| About this exercise |
Transcribe every entry word for word. Skip the pictures.

| Material provided |
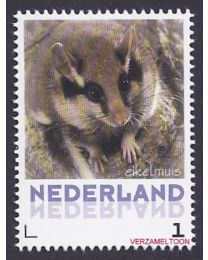 Nederland 2013: NVPH: V3013-Aa-13: "Zoogdieren in Nederland": Eikelmuis: postfris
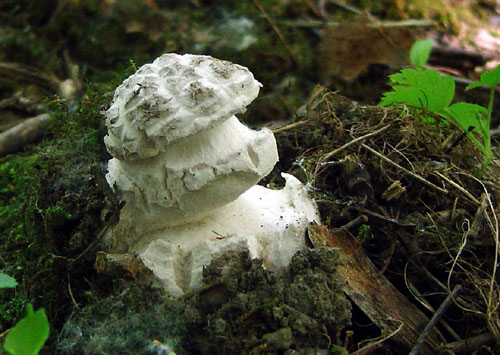 muchotrávka šiškovitá Amanita strobiliformis Gonn. & Rabenh.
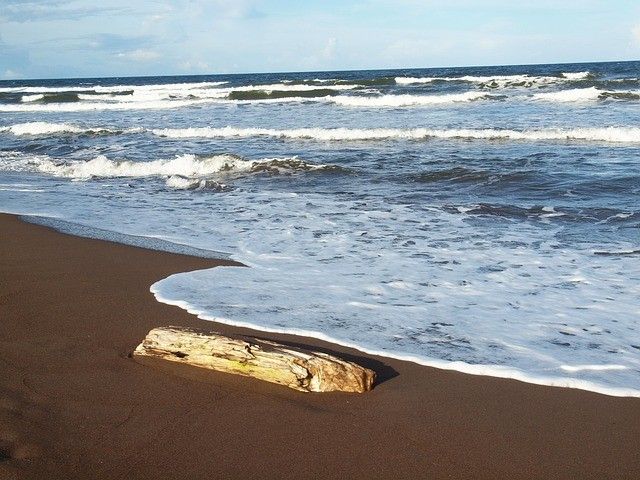 Cap sur le Costa Rica et Tortuguero extension Tambor - 16J/14N - Limité à 20 pers. - 2027 pas cher photo 17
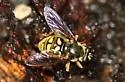 Somula decora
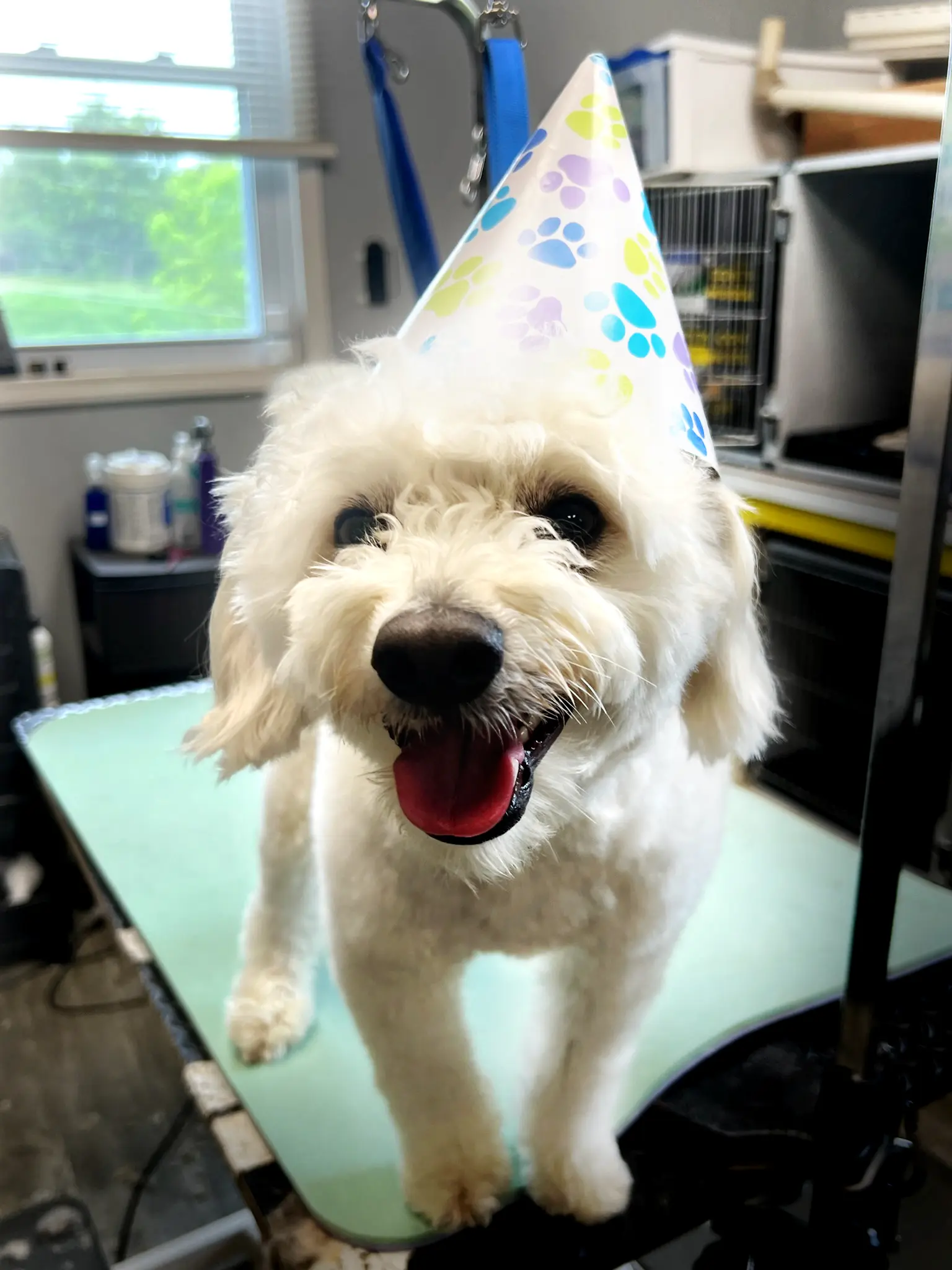 Professional Dog Grooming at The Dawg House
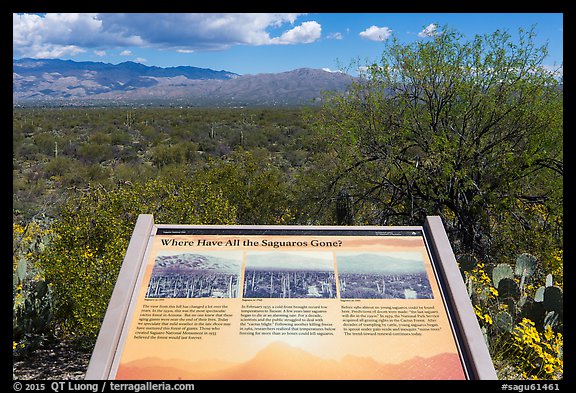 Where have all the saguaro gone interpretive sign. Saguaro National Park (color)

| Reply to the exercise |
 Nederland 2013: NVPH: V3013-Aa-13: "Zoogdieren in Nederland": Eikelmuis: postfris
 muchotrávka šiškovitá Amanita strobiliformis Gonn. & Rabenh.
 Cap sur le Costa Rica et Tortuguero extension Tambor - 16J/14N - Limité à 20 pers. - 2027 pas cher photo 17
 Somula decora
 Professional Dog Grooming at The Dawg House
 Where have all the saguaro gone interpretive sign. Saguaro National Park (color)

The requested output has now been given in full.